#### [Exercise]
Set the listing down again in full, word for word, with the pictures left out.

+===+

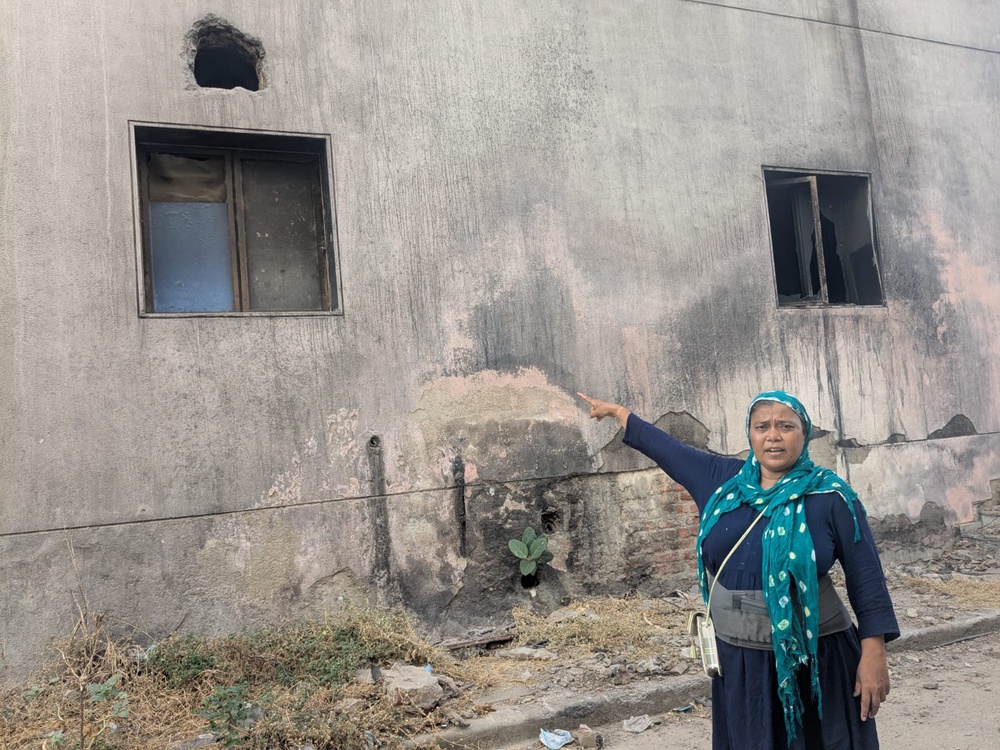 Gitaben Patel shows the window from which she jumped after the crash to escape injuries (The Independent)
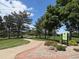 Beautifully landscaped Kistler Park with walking path and signage among lush greenery and mature trees at 517 Chiswick Cir, Highlands Ranch, CO 80126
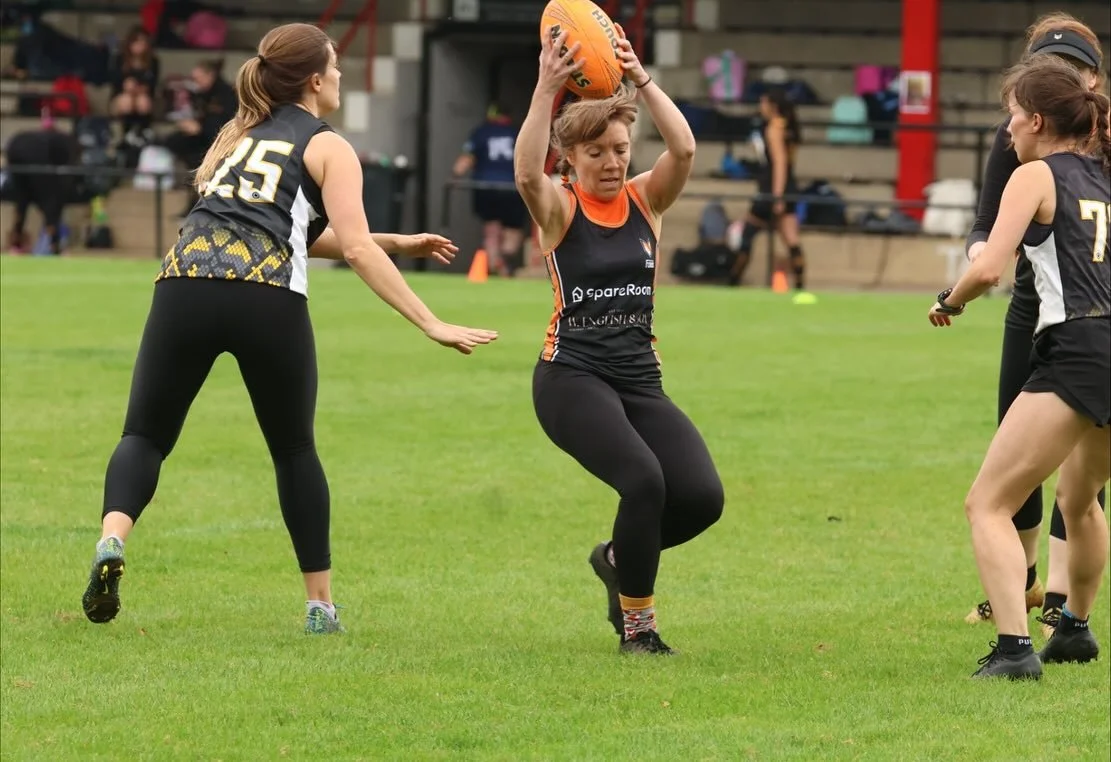 Women playing Australian rules football on a grassy field, with one woman holding the ball above her head and others around her.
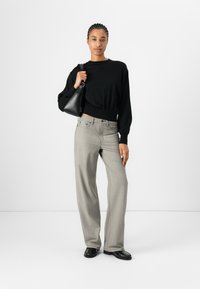 Black, cropped long-sleeve top paired with gray, wide-leg trousers and black loafers. Holding a small black handbag. Minimalist design.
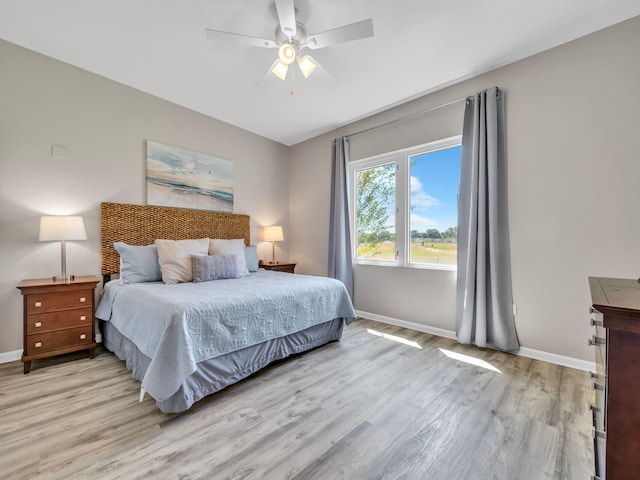 4205 Indian Bayou Trl Unit 10, Destin, FL 32541 - bedroom featuring light wood-style floors, baseboards, and ceiling fan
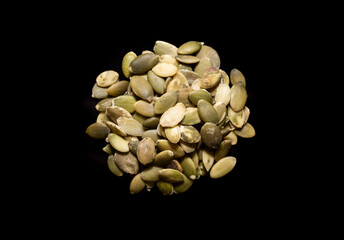 Looking down on a pile of pumpkin seeds on a black surface.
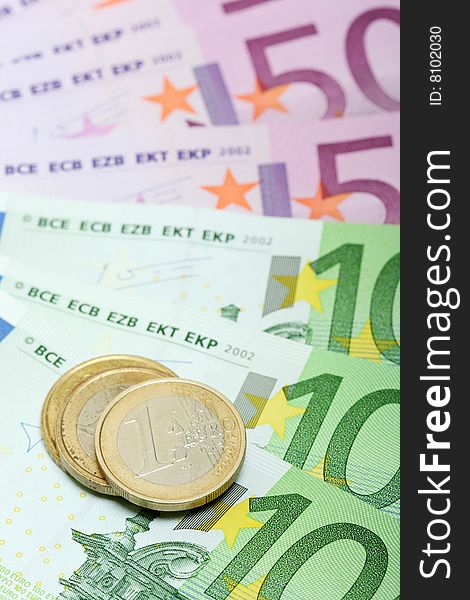 Euro banknotes with various coins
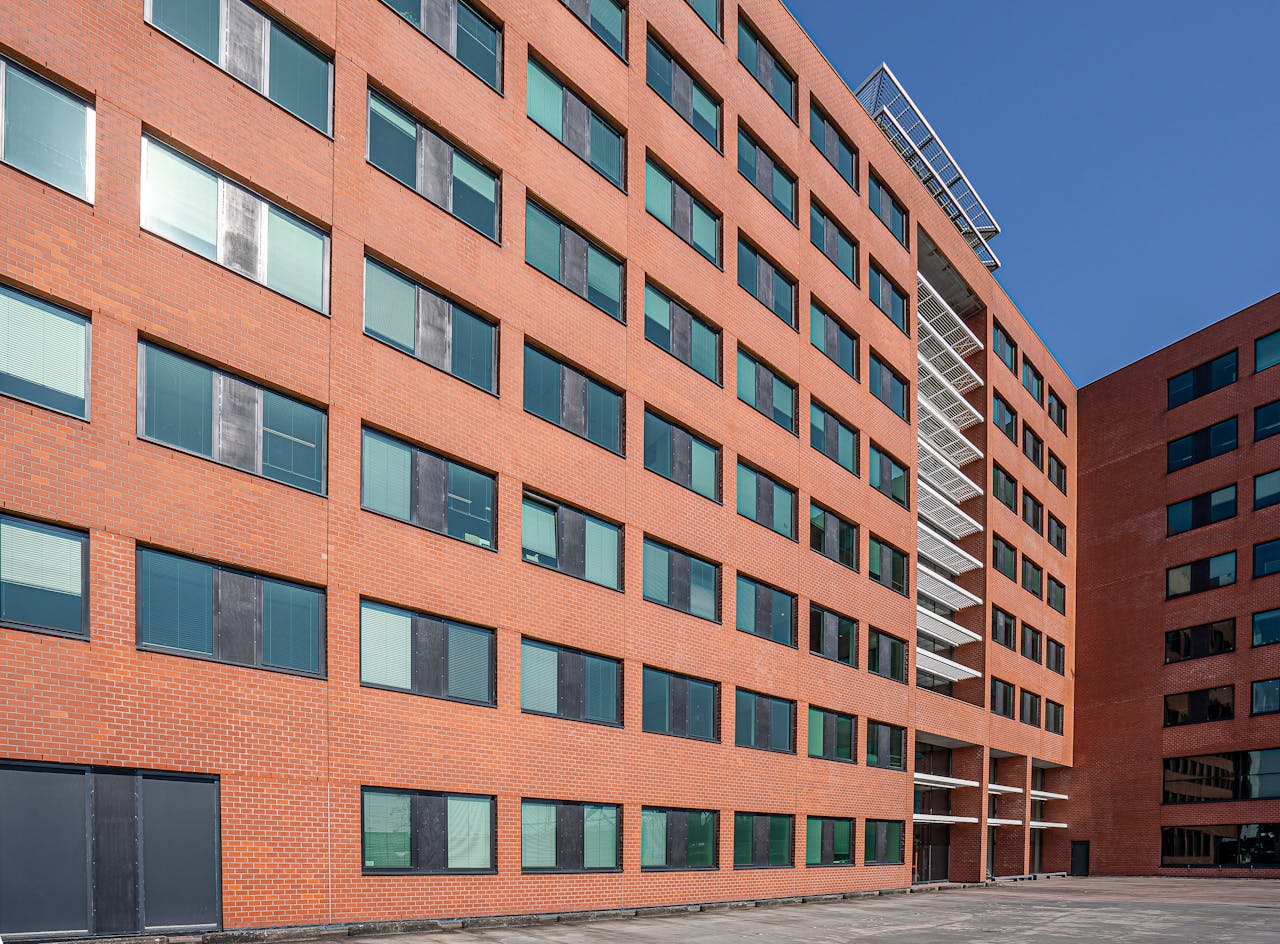 services-02 Exterior view of a modern brick building with glass windows under a clear blue sky.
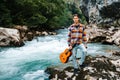 Young man holding guitar standing on the bank of a mountain river on a background of rocks and forest. Handsome hippie style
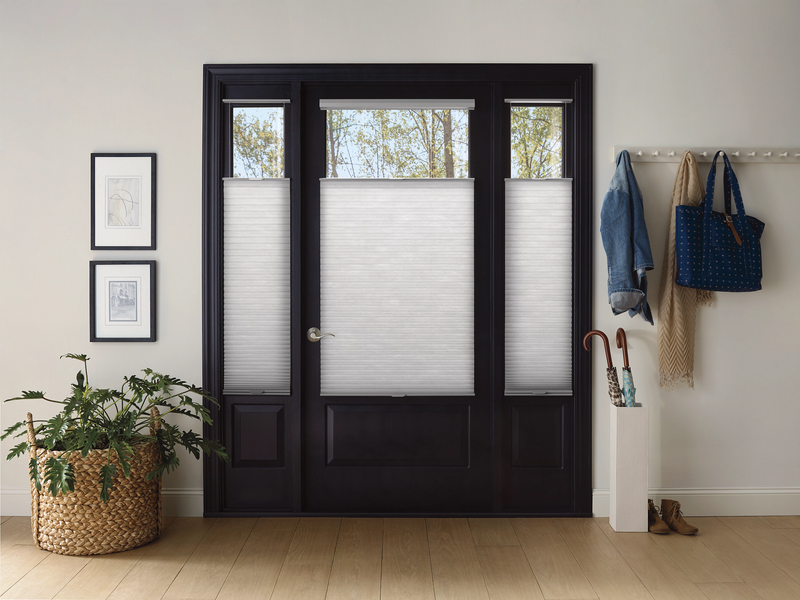 A dark-framed front door with sidelights featuring white top-down bottom-up cellular shades in a bright entryway.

+===+

#### [Task answer]
 Gitaben Patel shows the window from which she jumped after the crash to escape injuries (The Independent)
 Beautifully landscaped Kistler Park with walking path and signage among lush greenery and mature trees at 517 Chiswick Cir, Highlands Ranch, CO 80126
 Women playing Australian rules football on a grassy field, with one woman holding the ball above her head and others around her.
 Black, cropped long-sleeve top paired with gray, wide-leg trousers and black loafers. Holding a small black handbag. Minimalist design.
 4205 Indian Bayou Trl Unit 10, Destin, FL 32541 - bedroom featuring light wood-style floors, baseboards, and ceiling fan
 Looking down on a pile of pumpkin seeds on a black surface.
 Euro banknotes with various coins
 services-02 Exterior view of a modern brick building with glass windows under a clear blue sky.
 Young man holding guitar standing on the bank of a mountain river on a background of rocks and forest. Handsome hippie style
 A dark-framed front door with sidelights featuring white top-down bottom-up cellular shades in a bright entryway.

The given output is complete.